◆ Records for the exercise

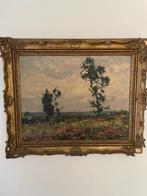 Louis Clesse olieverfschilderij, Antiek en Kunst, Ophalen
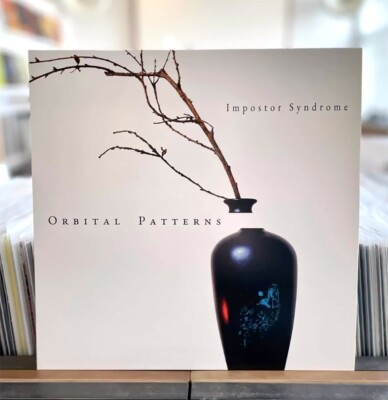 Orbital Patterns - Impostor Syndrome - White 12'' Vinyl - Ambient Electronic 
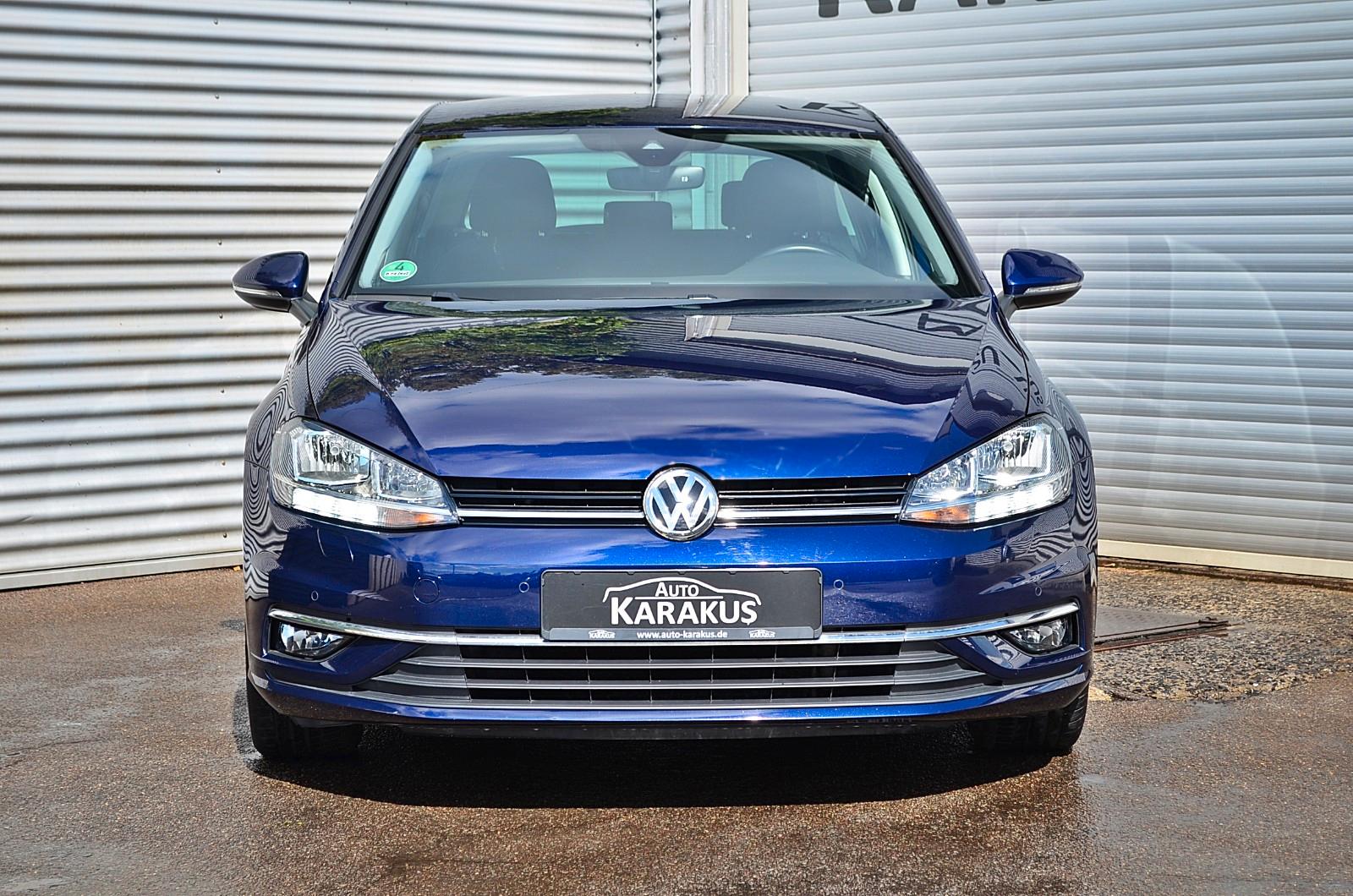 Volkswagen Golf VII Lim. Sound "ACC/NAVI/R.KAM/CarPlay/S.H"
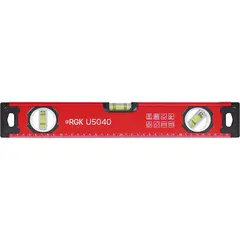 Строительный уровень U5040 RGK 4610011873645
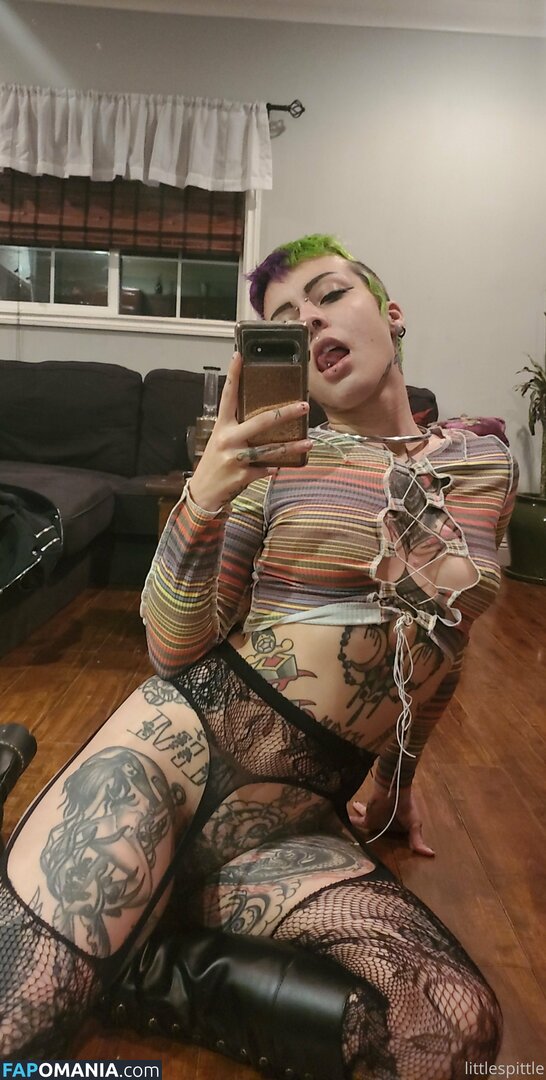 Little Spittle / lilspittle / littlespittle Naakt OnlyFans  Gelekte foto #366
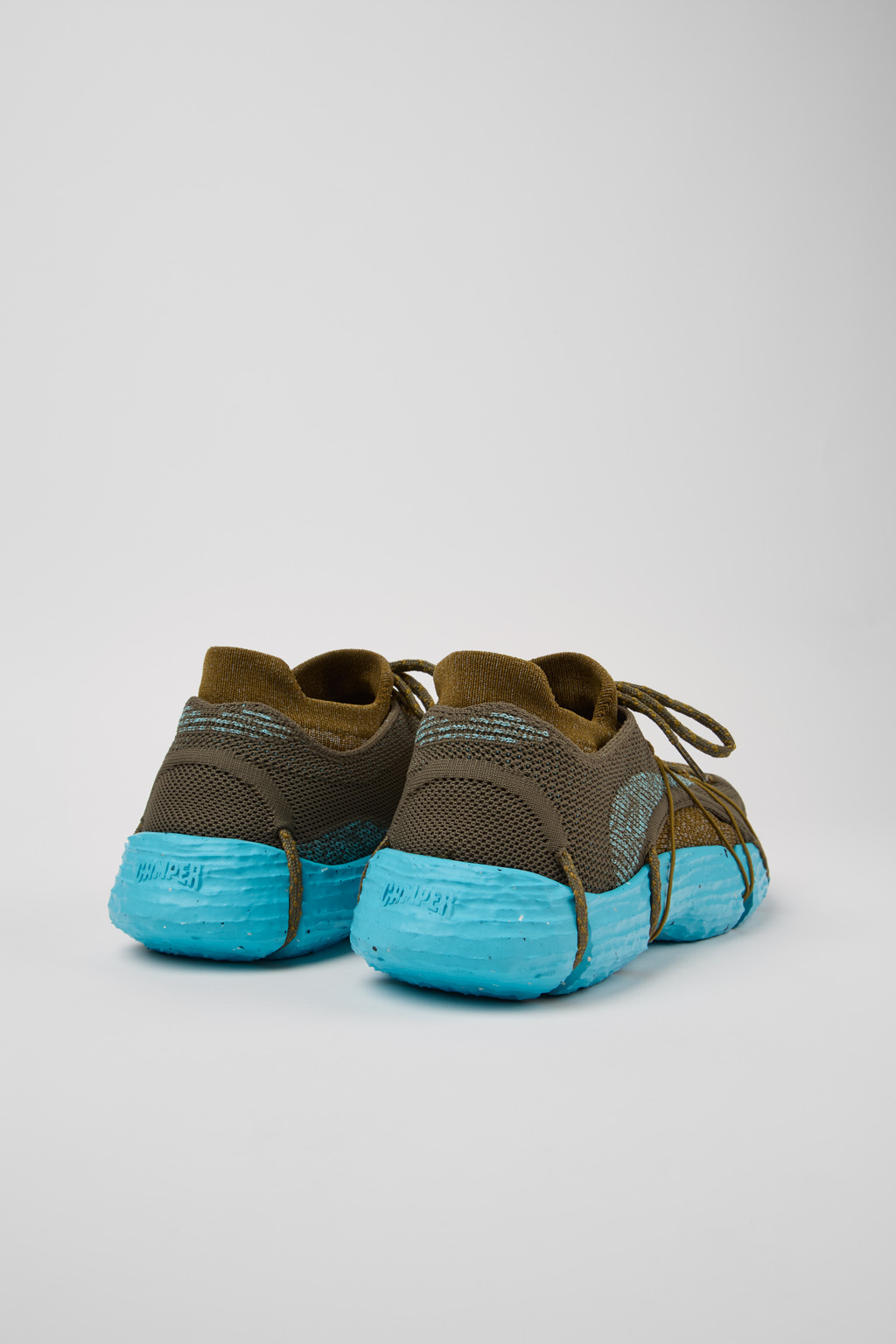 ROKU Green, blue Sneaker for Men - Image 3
==
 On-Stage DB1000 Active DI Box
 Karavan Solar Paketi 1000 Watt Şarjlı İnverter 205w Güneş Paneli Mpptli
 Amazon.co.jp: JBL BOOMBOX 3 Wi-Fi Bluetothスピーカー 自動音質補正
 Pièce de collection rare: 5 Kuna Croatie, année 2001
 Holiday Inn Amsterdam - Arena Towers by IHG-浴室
* * *
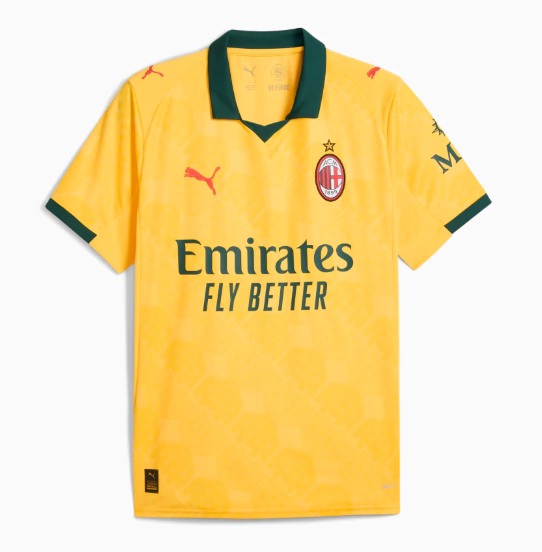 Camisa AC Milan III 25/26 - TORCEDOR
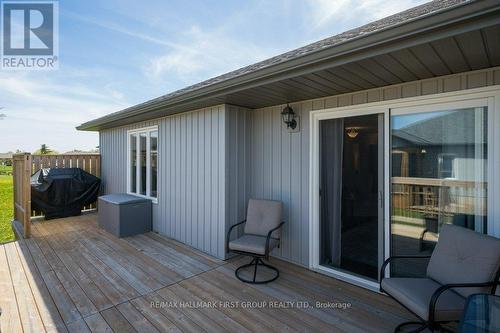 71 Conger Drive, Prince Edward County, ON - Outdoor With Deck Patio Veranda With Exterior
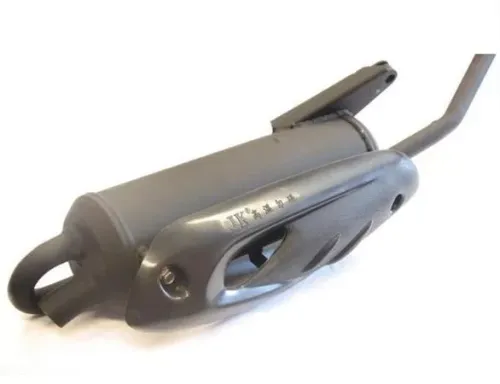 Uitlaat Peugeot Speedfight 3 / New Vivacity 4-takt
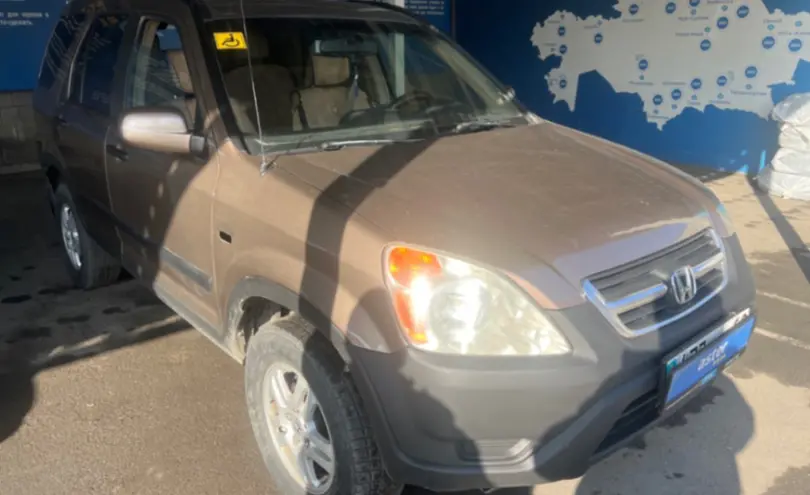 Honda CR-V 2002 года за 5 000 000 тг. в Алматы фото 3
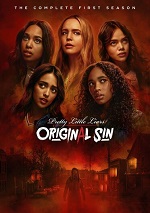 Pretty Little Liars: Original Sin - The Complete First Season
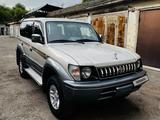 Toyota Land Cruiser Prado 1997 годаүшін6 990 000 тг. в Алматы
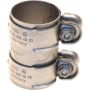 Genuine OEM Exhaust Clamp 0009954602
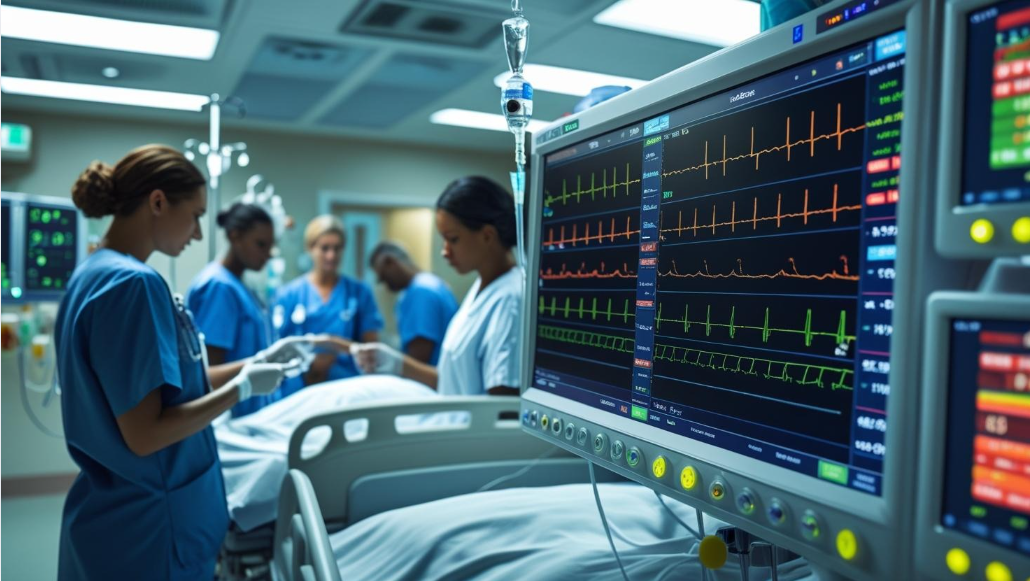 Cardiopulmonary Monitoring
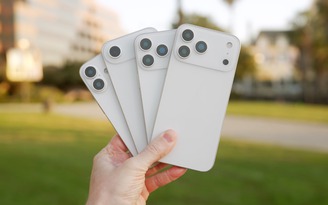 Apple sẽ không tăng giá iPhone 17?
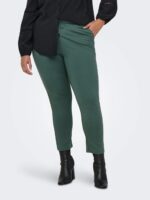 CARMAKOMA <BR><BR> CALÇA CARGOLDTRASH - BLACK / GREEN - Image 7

◆ What the task requires
Once the line with "Honda CR-V 2002" has been found above, output that line and every later line exactly, stopping after the line with "CARMAKOMA <BR><BR> CALÇA", and omit the pictures.

◆ Expected output
 Honda CR-V 2002 года за 5 000 000 тг. в Алматы фото 3
 Pretty Little Liars: Original Sin - The Complete First Season
 Toyota Land Cruiser Prado 1997 годаүшін6 990 000 тг. в Алматы
 Genuine OEM Exhaust Clamp 0009954602
 Cardiopulmonary Monitoring
 Apple sẽ không tăng giá iPhone 17?
 CARMAKOMA <BR><BR> CALÇA CARGOLDTRASH - BLACK / GREEN - Image 7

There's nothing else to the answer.